* TASK DETAILS
With all images left out, restate the records below exactly as written.

* DATA TO PROCESS
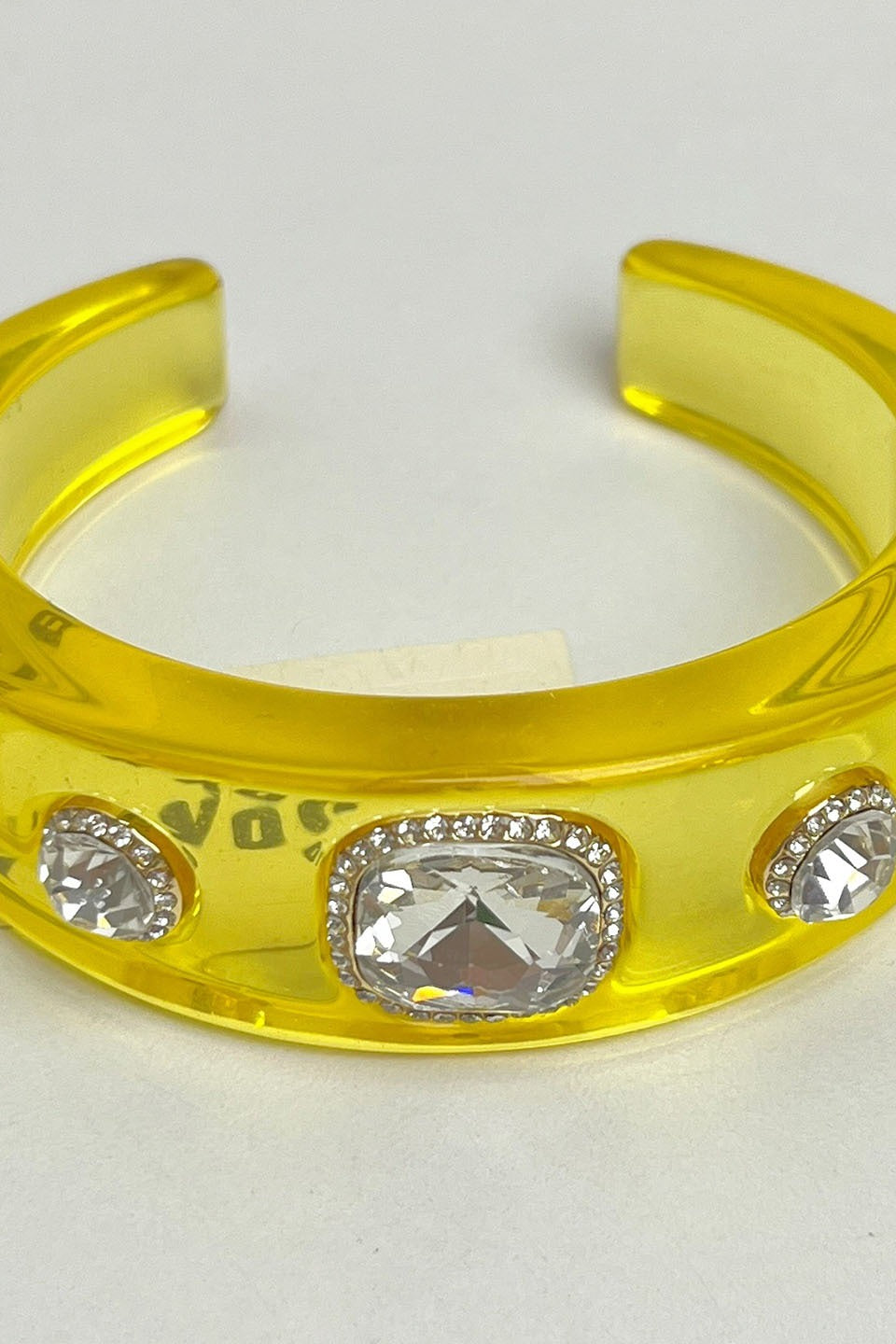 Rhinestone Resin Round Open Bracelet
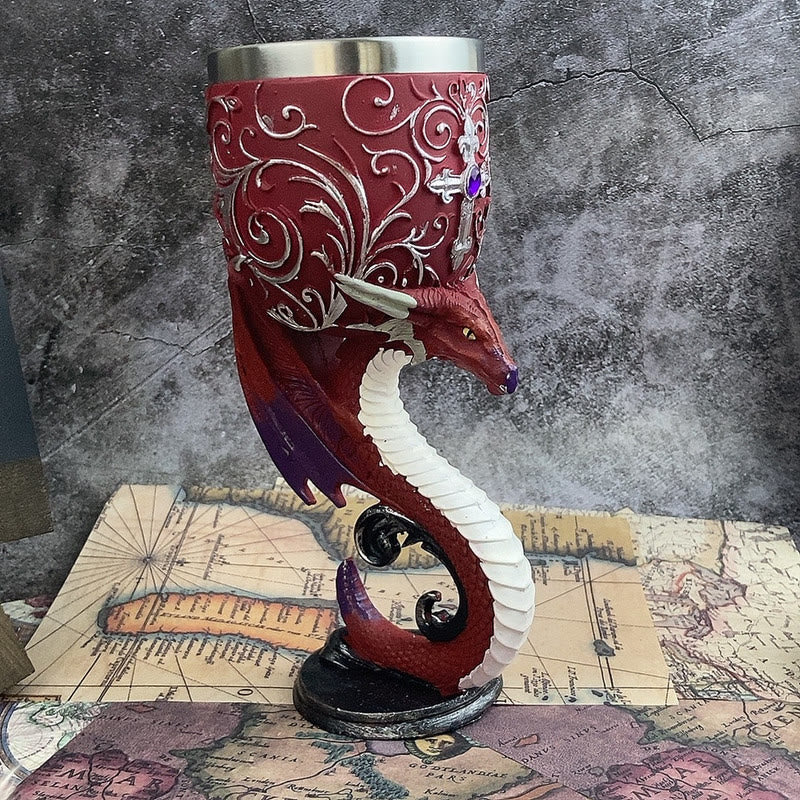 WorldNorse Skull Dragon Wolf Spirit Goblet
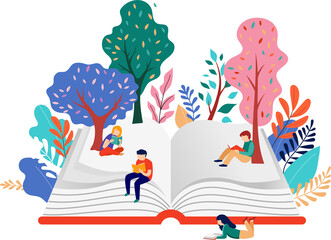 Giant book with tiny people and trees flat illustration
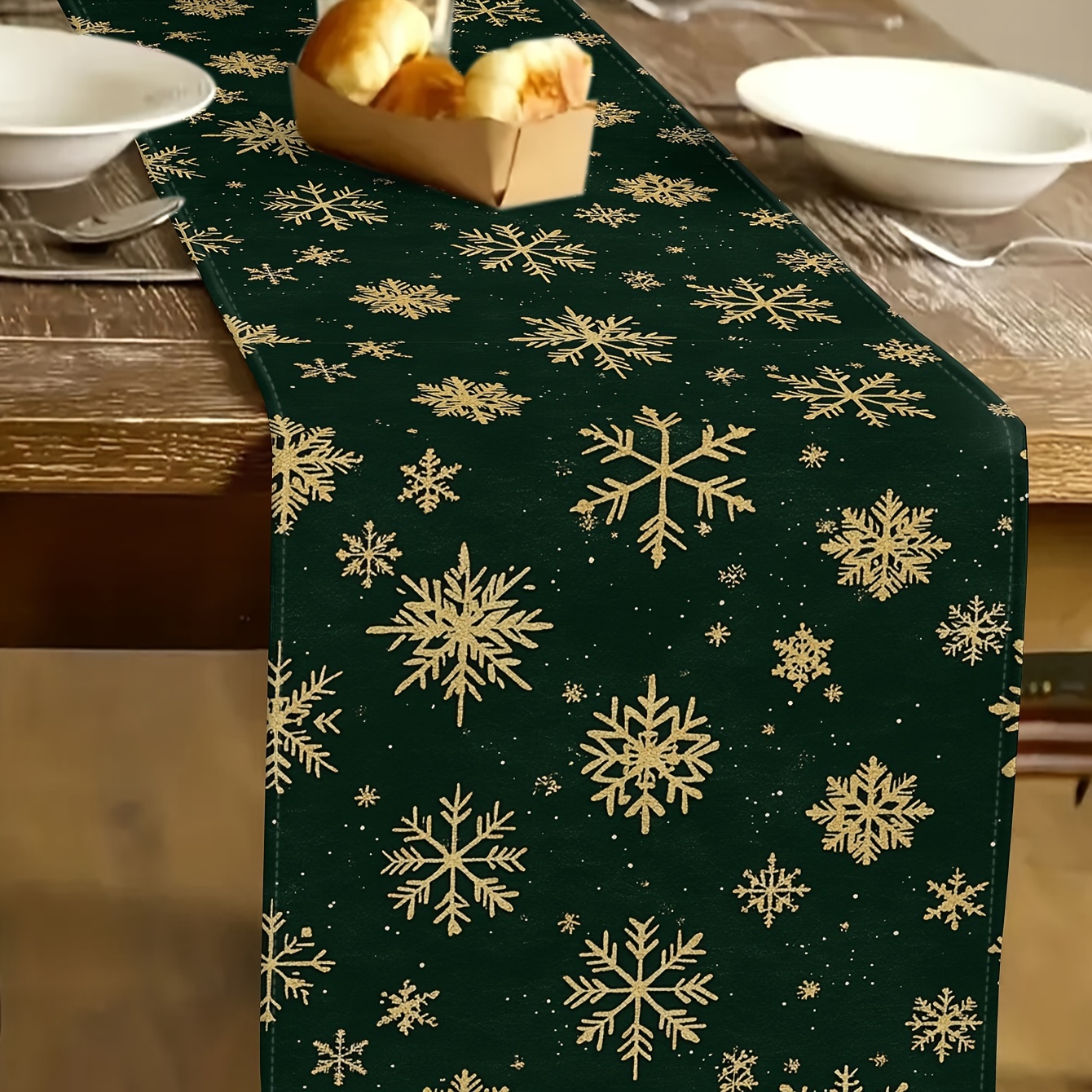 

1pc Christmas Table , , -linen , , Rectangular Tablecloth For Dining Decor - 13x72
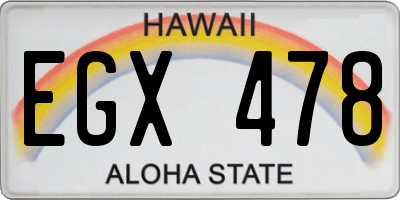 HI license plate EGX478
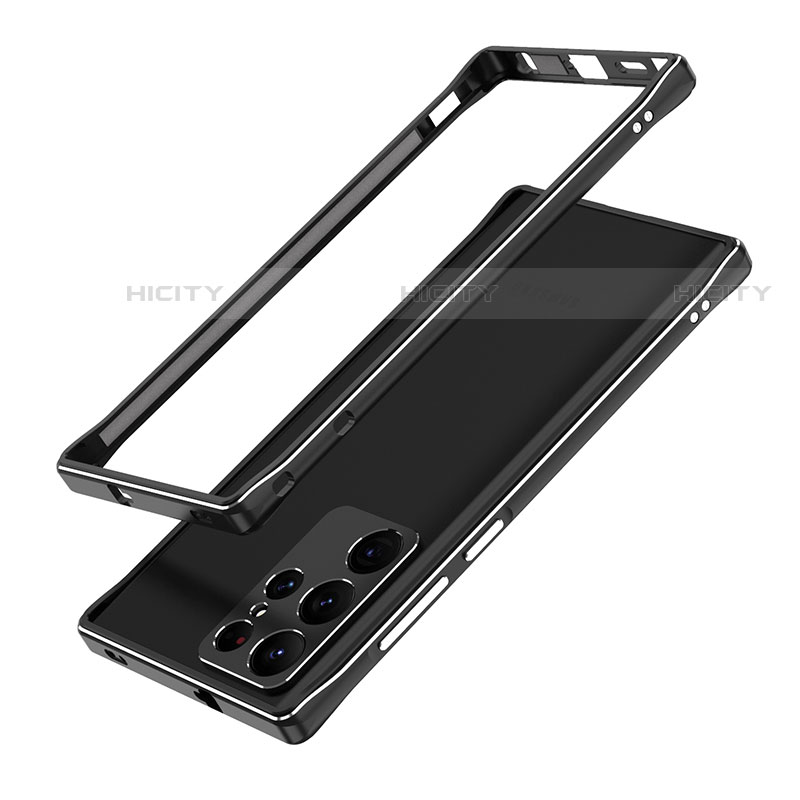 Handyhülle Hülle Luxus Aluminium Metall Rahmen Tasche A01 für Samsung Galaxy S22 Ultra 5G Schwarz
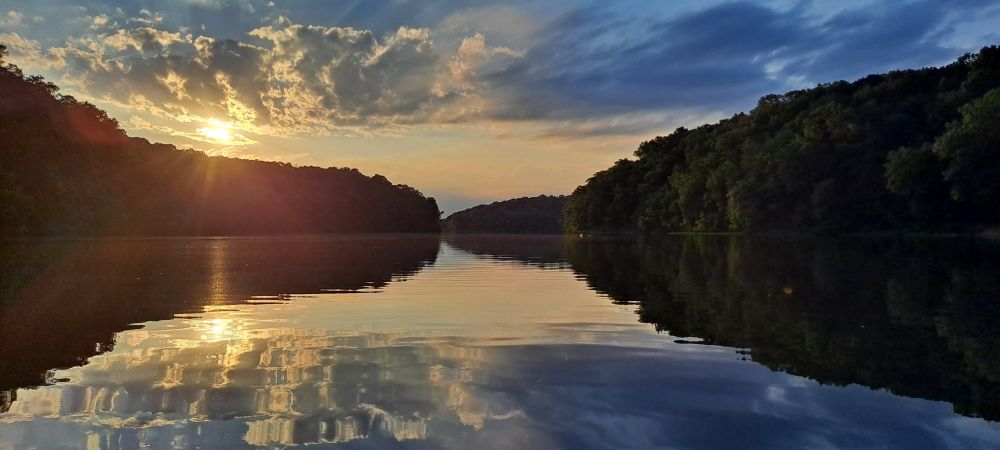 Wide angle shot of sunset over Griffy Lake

* TASK SOLUTION
 Rhinestone Resin Round Open Bracelet
 WorldNorse Skull Dragon Wolf Spirit Goblet
 Giant book with tiny people and trees flat illustration

1pc Christmas Table , , -linen , , Rectangular Tablecloth For Dining Decor - 13x72
 HI license plate EGX478
 Handyhülle Hülle Luxus Aluminium Metall Rahmen Tasche A01 für Samsung Galaxy S22 Ultra 5G Schwarz
 Wide angle shot of sunset over Griffy Lake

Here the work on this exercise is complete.